> _Exercise instructions_:
Each line holding the word "avec" must appear in the answer, copied from the entries.

> _Dataset content_:
------------------------------------------------------------------------

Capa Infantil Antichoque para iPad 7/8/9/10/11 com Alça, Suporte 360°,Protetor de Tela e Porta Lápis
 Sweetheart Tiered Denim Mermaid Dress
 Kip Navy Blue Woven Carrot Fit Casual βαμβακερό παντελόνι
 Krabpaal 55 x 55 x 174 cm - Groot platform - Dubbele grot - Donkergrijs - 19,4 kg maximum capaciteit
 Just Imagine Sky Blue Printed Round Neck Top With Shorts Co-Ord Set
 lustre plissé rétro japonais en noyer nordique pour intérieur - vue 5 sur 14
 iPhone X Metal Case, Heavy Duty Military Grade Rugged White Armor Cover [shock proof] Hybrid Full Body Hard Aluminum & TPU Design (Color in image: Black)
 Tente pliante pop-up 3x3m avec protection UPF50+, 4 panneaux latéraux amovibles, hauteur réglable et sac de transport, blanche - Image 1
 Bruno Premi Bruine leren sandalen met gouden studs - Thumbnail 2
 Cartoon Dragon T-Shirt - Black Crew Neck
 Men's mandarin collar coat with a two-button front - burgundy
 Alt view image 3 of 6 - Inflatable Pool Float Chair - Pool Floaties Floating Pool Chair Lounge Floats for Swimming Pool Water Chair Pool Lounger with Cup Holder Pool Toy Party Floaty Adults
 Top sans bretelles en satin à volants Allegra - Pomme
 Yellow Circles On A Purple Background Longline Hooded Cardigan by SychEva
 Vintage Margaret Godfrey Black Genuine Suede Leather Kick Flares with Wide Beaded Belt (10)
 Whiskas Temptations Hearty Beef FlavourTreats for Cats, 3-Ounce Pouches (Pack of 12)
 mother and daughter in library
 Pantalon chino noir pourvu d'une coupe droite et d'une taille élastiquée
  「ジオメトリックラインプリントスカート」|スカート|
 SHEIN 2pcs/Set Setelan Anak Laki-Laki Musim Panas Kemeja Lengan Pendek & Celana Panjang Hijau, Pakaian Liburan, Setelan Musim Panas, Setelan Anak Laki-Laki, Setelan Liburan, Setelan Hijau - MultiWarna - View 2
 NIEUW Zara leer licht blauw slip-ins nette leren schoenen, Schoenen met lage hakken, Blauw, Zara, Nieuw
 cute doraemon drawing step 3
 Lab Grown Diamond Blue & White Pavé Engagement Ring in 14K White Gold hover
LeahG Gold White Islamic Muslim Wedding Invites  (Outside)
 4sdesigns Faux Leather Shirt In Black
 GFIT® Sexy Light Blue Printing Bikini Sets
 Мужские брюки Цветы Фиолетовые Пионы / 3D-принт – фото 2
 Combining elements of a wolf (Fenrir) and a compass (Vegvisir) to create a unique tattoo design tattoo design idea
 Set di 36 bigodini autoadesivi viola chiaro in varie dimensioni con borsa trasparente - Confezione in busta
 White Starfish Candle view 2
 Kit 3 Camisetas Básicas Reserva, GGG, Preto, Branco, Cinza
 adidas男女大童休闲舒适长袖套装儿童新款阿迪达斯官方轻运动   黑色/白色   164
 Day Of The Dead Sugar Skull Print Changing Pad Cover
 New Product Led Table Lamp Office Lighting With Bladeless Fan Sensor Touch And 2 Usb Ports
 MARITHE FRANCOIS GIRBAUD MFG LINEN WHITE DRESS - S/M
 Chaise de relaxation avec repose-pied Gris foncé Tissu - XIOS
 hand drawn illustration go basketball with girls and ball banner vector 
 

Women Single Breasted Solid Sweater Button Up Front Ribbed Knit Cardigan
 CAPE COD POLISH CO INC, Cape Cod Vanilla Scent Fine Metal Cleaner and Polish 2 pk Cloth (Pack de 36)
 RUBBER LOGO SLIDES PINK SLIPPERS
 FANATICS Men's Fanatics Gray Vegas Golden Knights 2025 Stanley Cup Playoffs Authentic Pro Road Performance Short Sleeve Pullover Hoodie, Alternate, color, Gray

------------------------------------------------------------------------

> _Response to this task_:
 Tente pliante pop-up 3x3m avec protection UPF50+, 4 panneaux latéraux amovibles, hauteur réglable et sac de transport, blanche - Image 1
 Chaise de relaxation avec repose-pied Gris foncé Tissu - XIOS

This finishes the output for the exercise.